Noutro ofício, um promotor de justiça relativizou o direito fundamental à intimidade dos pacientes afirmado que o sigilo do prontuário não pode servir para encobrir a prática de crimes.
Em relação a tais posicionamentos, tire você mesmo, caro leitor, as conclusões de tão absurdas manifestações de autoridades. Vejam: de autoridades. O hospital se insurgiu judicialmente contra as ordens. O Judiciário provavelmente protegerá o mandamento constitucional e legal de manutenção do sigilo das informações contidas no prontuário do paciente. Afinal, ou esse negócio vale ou não vale. E, se é a Constituição que manda, eu espero que valha, sob pena da instalação da anarquia, do que não estamos precisando.

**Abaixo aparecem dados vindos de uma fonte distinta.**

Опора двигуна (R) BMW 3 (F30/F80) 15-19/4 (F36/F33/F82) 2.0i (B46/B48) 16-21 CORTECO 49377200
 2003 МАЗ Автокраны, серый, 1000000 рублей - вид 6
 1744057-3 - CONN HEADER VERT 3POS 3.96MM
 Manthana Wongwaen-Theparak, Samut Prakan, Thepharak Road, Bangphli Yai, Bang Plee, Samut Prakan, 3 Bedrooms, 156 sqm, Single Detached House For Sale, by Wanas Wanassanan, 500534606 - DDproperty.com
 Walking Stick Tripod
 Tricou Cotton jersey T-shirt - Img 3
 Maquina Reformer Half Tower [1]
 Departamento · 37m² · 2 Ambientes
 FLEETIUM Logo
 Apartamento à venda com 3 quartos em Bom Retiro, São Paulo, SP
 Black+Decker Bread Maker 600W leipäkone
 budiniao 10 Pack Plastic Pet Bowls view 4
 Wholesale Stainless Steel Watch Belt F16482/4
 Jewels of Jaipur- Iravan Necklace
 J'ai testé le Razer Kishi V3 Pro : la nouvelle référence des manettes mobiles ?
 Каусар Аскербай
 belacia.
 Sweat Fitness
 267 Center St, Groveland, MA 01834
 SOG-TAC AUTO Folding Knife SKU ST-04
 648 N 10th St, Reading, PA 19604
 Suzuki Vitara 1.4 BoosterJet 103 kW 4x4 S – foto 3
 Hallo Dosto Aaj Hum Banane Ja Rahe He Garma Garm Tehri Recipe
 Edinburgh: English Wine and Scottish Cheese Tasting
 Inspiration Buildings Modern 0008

Ora, que eu saiba, cabe ao Estado provar a autoria de crime praticado pelas pessoas. Parece-me que, ainda, o princípio constitucional que faculta a pessoa a não produzir prova contra si mesma continua válido. Portanto, a conclusão de que o não encaminhamento de cópia de prontuário a autoridades, sem autorização do paciente, seria a tentativa de acobertamento de crime e impedimento de conhecimento de eventual autoria mais parece choro de incompetente do que argumento jurídico. Cabe ao Estado buscar a comprovação da prática de crimes e a identificação do autor, mas sem descumprir o ordenamento jurídico, a quem ele deve rigorosa e irrestrita obediência, sem qualquer margem discricionária, sob pena de colocar em risco as instituições e os direitos fundamentais das pessoas, o que é absolutamente inadmissível e deve ser rechaçado pelos hospitais de forma rápida e precisa, no Judiciário, se necessário for.
Enquanto a Constituição Federal e a legislação estiverem redigidas como estão ninguém tem direito de conhecer o conteúdo do prontuário se não for autorizado por escrito pelo próprio paciente ou seu representante legal, estes em especialíssimos casos que constituem a regra e não a exceção. Os hospitais não devem fazer vistas grossas a desmandos e nem podem se curvar a ilegalidades, em nenhuma hipótese.
Ou fazemos a legislação valer ou este será mais um odioso capítulo da novela tupiniquim das leis que “pegam” e das que “não pegam”. Não caiamos na vala comum desta demonstração de falta de cidadania. O Brasil não merece essa postura de nossa parte.
Quem desejar aprofundar o assunto sugiro o livro Aspectos Jurídicos do Prontuário do Paciente, disponível em www.abeditora.com.br, deste articulista.
Publicado na revista Notícias Hospitalares edição 65, em janeiro de 2010.
Olá, Parabéns pelo artigo!
Interessou-me o fato do profissional da saúde manter o sigilo e qual o remédio cabível para assegurar que o detentor do prontuário não o compartilhe com outra pessoa ou autoridade que exiga. seria um habeas corpus preventivo? existe alguma previsão para solicitar a destruição do prontuário? grato.